I haven't been to Shirelys for _ages_  

But, last few times I went, few years back, it was fantastic, well recommended. Last time I went, they didn't have reps though, so shows how long ago it was. 

I tried to go again recently, and was told they'd shut down :gasp: Turns out it was one of the little minor outlet branches that had, I found out after :devil: The main Shirley and Oxford branches are still open.


----------



## photographymatt (Mar 6, 2006)

capester said:


> hi guys, I don't mind travelling to look at fish, going to BAS in Bolton a few times a year as well as travelling around the midlands. Thinking of going to shirley, is it worth a 100+ mile round trip? And how are the reps there, are they playing at it or do they have a decent selection? cheers


Im not a "fish guy" but I went last week and was impressed by the place overal. good selection of fish, nice helpful staff. I went for the reptile section, but had a look around while there.

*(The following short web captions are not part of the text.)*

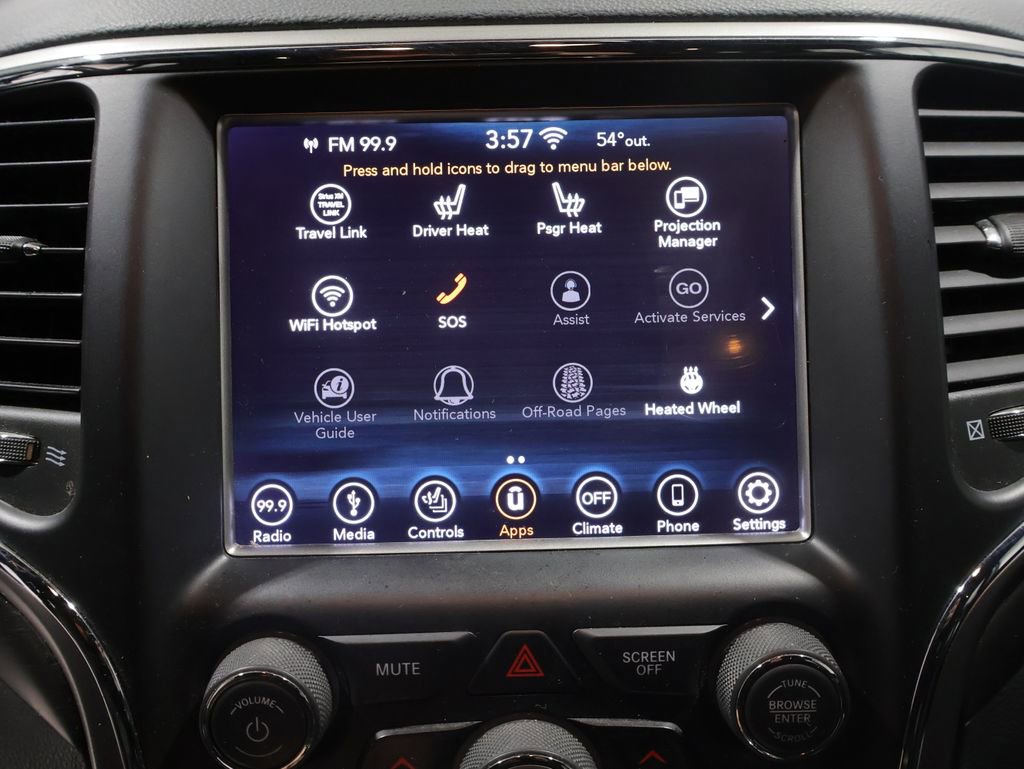 Used 2018 Jeep Grand Cherokee Altitude AWD/4WD image 32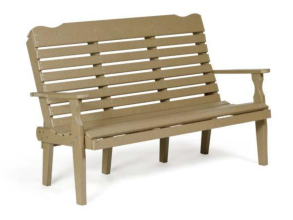 5' West Chester Bench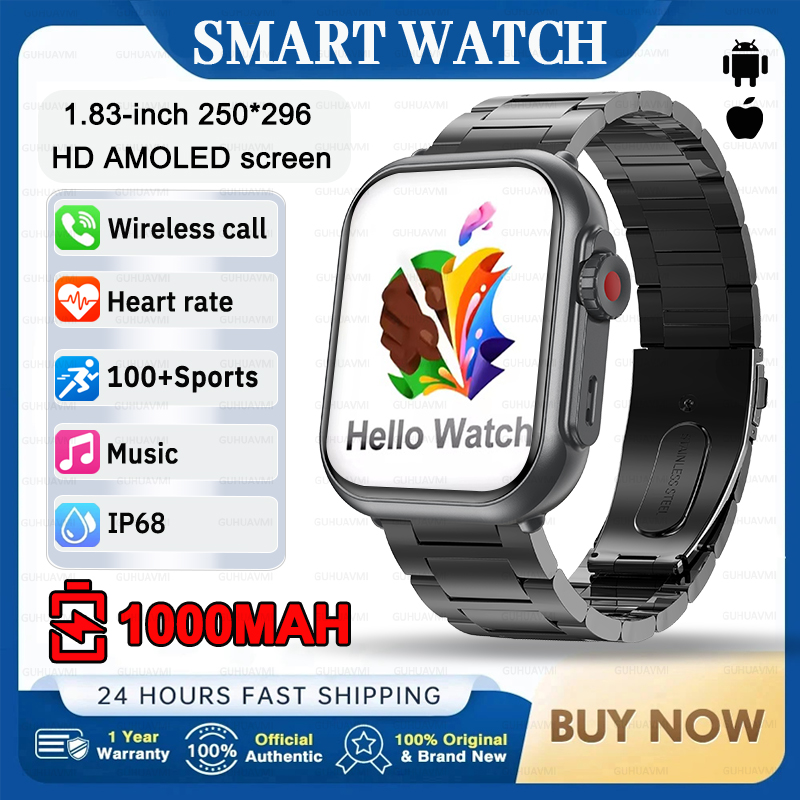 Smartwatch Watches For Women Branded - Reloj Inteligente 2025 NUEVO Ultra 2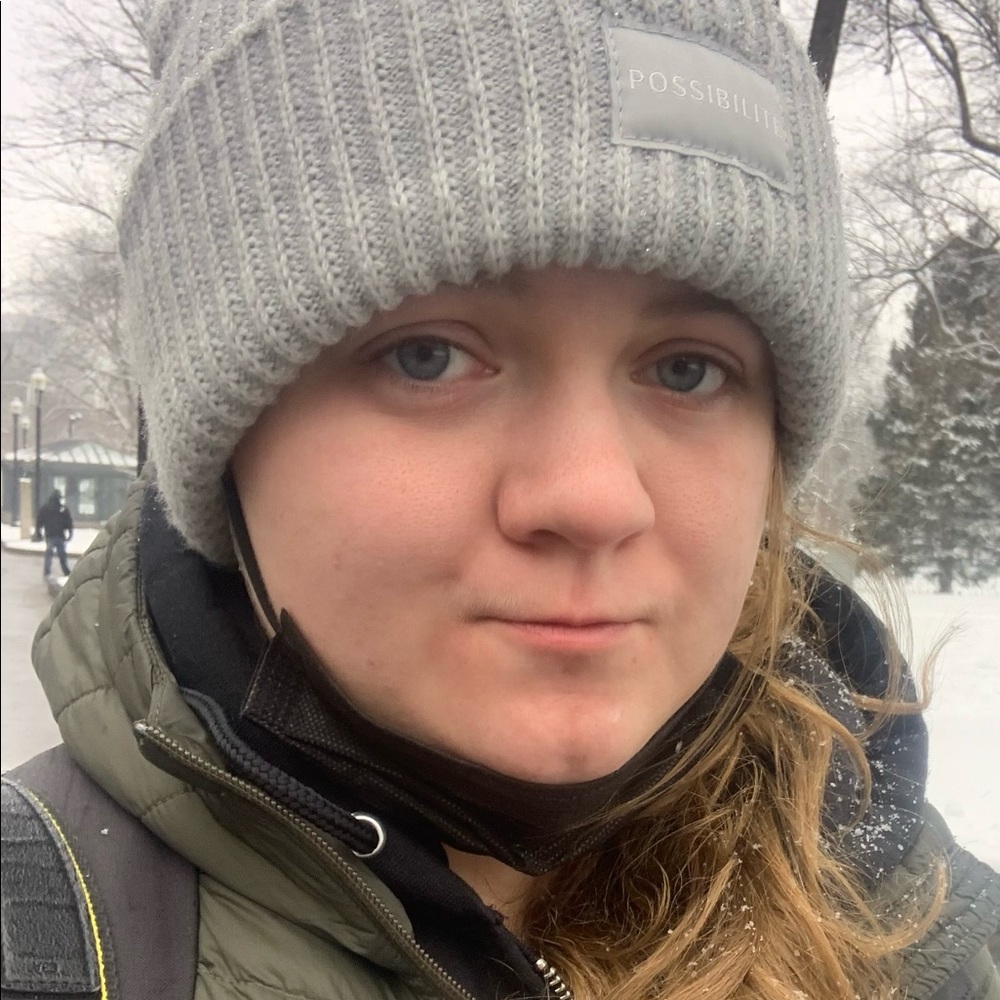 Meet your Posher, Kate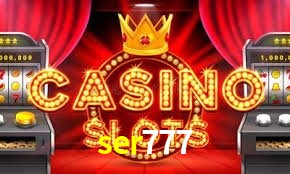 Bonus Features ser777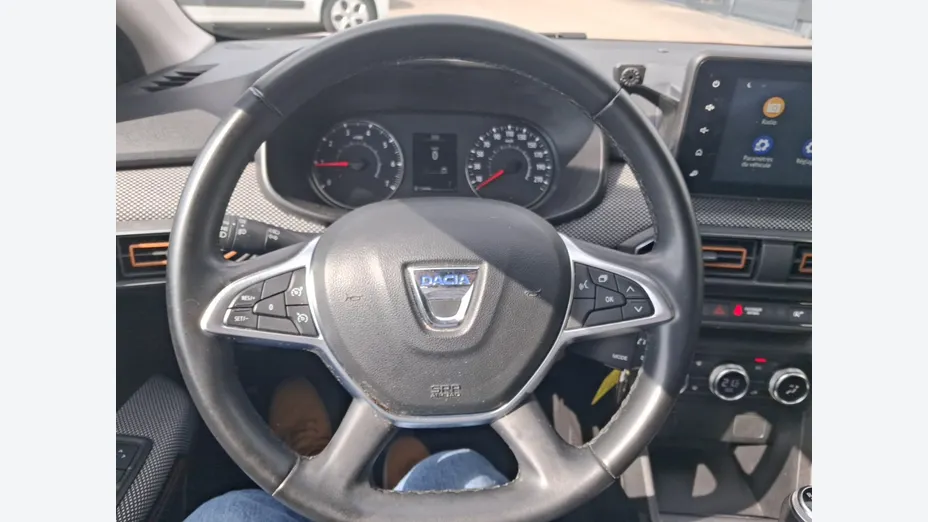 DACIA Sandero -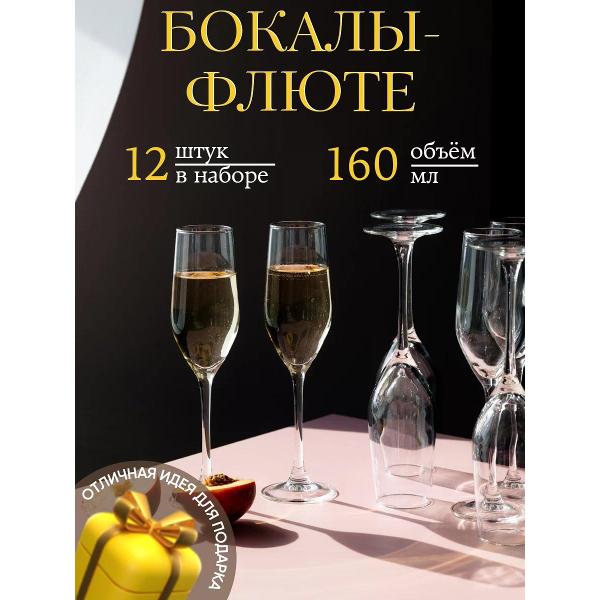 Набор бокалов Arcoroc Celeste (N3206)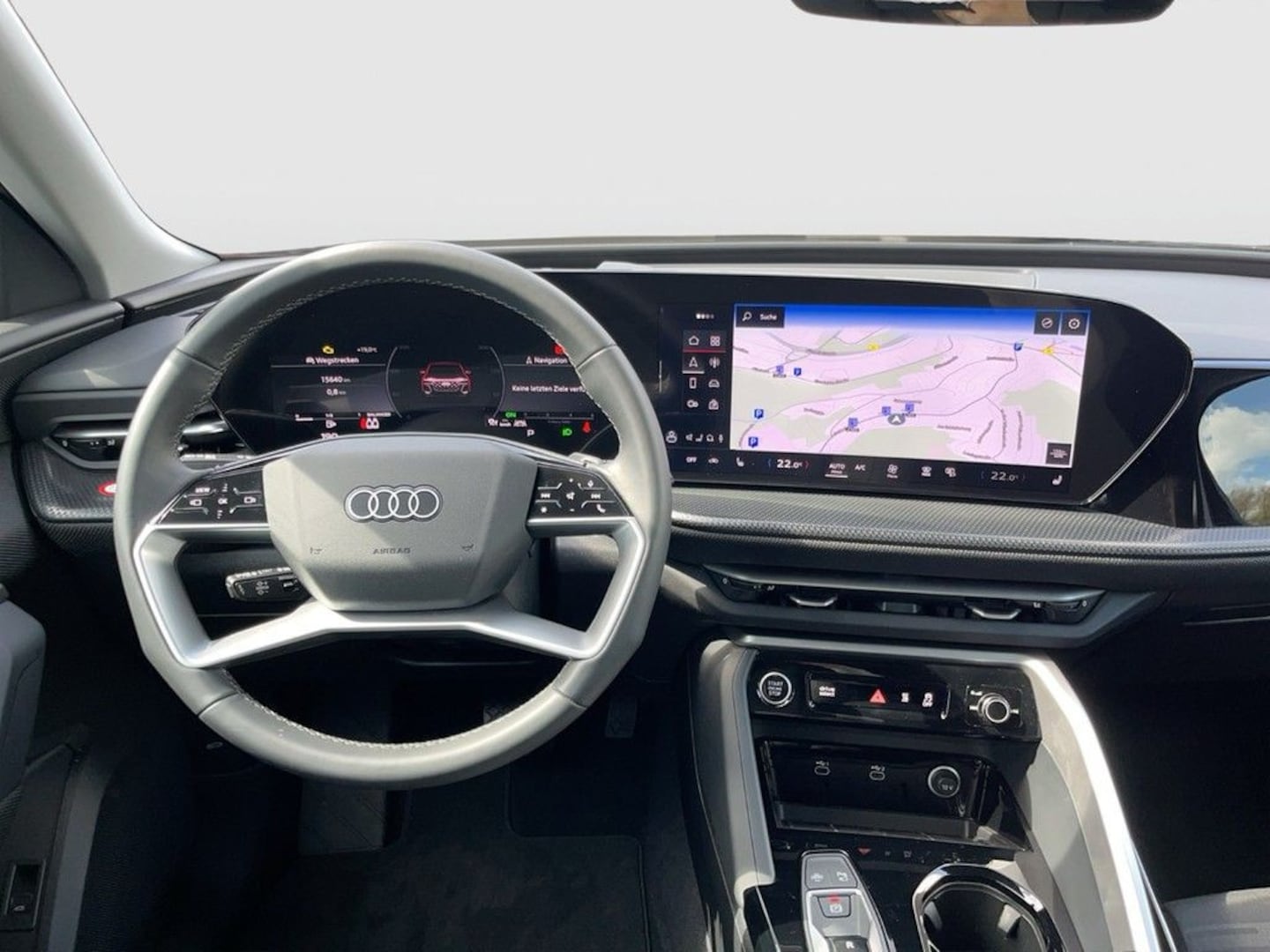 Bild über Audi Q5 SUV TDI quattro 150 kW S tronic - für weitere Informationen kontaktieren Sie den Audi Partner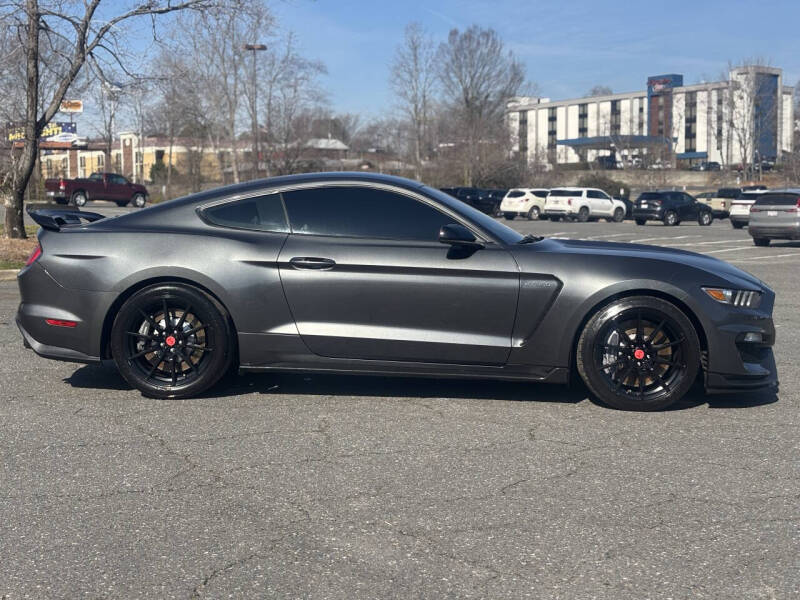 2016 Ford Mustang Shelby GT350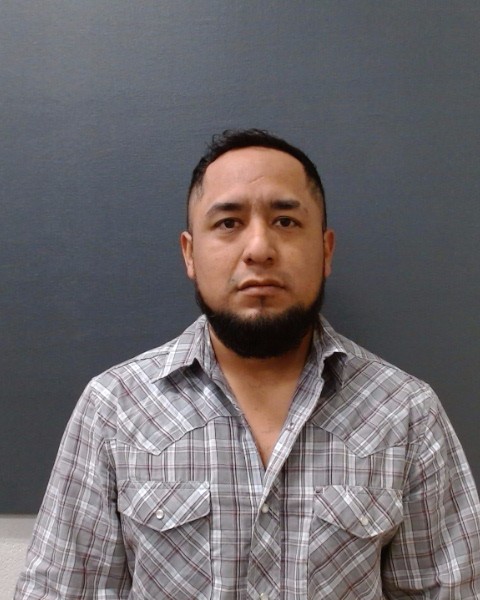 CRISTOBAL, GREGORIO ALBERTO booking photo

hollybush nurserys has some good fish selection too. worth a look if your in the area.


----------



## Rain (Oct 9, 2007)

The rep section is pretty good now, a touch pricy on things, but such as is the case with some shops.
As for the fish, I'm not the biggest fish fan in the world, but it's a cracking place, lots of Koi and a good selection of cold, tropical and marines. I'd recommend going


----------



## dean04 (Jan 26, 2009)

Shirley is my local shop and I think its brilliant! Staff are helpfull and they have a really good selction of stuff [reps and fish]. I got my royal from there and she is gem, shes never missed a feed or anything.


----------



## Mosha (Mar 6, 2009)

I go to Shirleys alot with my little girl, she loves it and she thinks its a mini Zoo! 
They have a large selection of fish, more coldwater and tropical and have probably one of the biggest selections of reps ive seen in rep shops. 
Last time we went we came away with 2 coldwater fish, Shirleys were selling them for 20p each as they had a 70th anniversary, the fish are still alive and growing fast! 
Worth going if you live in the midlands but 100+ mile trip is a bit steep, but each to their own :2thumb:


----------



## jartok (May 13, 2009)

Sounds like a nice shop im only just outside solihull shame i cant drive or i would go there

- just checked im only 6 miles from there think ill hop on bus


----------



## Shiraz (Oct 26, 2008)

Shame it would be a 200 mile round trip for me as otherwise would pop in there for a look.


----------



## capester (Oct 18, 2007)

thanks guys, sounds like I'll be taking a trip down!


----------



## snickers (Aug 15, 2007)

Shirley Aquatics is quite good. More for fish than reptiles. A bit pricey maybe. Sometimes they have really good offers. Enthusiastic staff.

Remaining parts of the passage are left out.